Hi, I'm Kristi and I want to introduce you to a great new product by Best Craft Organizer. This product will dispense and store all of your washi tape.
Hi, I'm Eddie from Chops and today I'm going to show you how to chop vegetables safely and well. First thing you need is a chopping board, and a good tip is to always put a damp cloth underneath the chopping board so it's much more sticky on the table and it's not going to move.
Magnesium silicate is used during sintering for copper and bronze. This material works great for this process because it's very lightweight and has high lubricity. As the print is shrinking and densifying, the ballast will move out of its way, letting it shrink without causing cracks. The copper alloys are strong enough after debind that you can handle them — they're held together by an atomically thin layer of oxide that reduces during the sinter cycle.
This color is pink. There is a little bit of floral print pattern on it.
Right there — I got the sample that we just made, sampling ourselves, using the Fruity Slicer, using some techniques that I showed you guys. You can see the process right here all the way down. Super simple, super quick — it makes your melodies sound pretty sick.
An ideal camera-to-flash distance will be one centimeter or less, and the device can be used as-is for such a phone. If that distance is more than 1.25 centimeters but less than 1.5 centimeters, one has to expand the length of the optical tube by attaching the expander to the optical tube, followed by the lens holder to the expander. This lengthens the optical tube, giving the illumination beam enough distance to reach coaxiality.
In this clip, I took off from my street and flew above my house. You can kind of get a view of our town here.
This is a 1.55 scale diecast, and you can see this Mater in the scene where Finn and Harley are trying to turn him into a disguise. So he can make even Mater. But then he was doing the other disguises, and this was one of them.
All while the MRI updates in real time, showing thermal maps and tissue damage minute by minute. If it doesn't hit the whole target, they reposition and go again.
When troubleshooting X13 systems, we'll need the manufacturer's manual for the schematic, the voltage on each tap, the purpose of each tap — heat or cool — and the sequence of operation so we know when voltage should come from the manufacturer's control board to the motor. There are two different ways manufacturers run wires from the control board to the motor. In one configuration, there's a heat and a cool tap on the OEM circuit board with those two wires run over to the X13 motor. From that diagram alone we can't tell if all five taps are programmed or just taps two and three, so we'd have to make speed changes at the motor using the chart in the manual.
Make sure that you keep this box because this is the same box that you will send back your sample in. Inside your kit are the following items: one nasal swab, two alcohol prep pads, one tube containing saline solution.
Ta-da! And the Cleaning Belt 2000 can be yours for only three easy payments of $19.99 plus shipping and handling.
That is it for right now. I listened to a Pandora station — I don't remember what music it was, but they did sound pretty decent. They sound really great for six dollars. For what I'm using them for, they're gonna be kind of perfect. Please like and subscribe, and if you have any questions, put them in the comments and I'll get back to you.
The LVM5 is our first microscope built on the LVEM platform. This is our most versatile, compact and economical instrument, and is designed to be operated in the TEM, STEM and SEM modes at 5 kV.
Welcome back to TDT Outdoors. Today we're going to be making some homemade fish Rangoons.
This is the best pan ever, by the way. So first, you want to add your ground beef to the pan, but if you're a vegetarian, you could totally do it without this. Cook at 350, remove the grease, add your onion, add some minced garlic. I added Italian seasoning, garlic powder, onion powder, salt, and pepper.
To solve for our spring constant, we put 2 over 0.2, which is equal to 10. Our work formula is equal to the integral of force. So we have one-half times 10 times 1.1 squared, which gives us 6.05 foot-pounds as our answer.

■ ACTIVITY ■
For the material above, reproduce exactly the lines from the line with "In this clip, I" to the line with "All while the", inclusive, and exclude all others.

■ FINISHED EXERCISE ■
In this clip, I took off from my street and flew above my house. You can kind of get a view of our town here.
This is a 1.55 scale diecast, and you can see this Mater in the scene where Finn and Harley are trying to turn him into a disguise. So he can make even Mater. But then he was doing the other disguises, and this was one of them.
All while the MRI updates in real time, showing thermal maps and tissue damage minute by minute. If it doesn't hit the whole target, they reposition and go again.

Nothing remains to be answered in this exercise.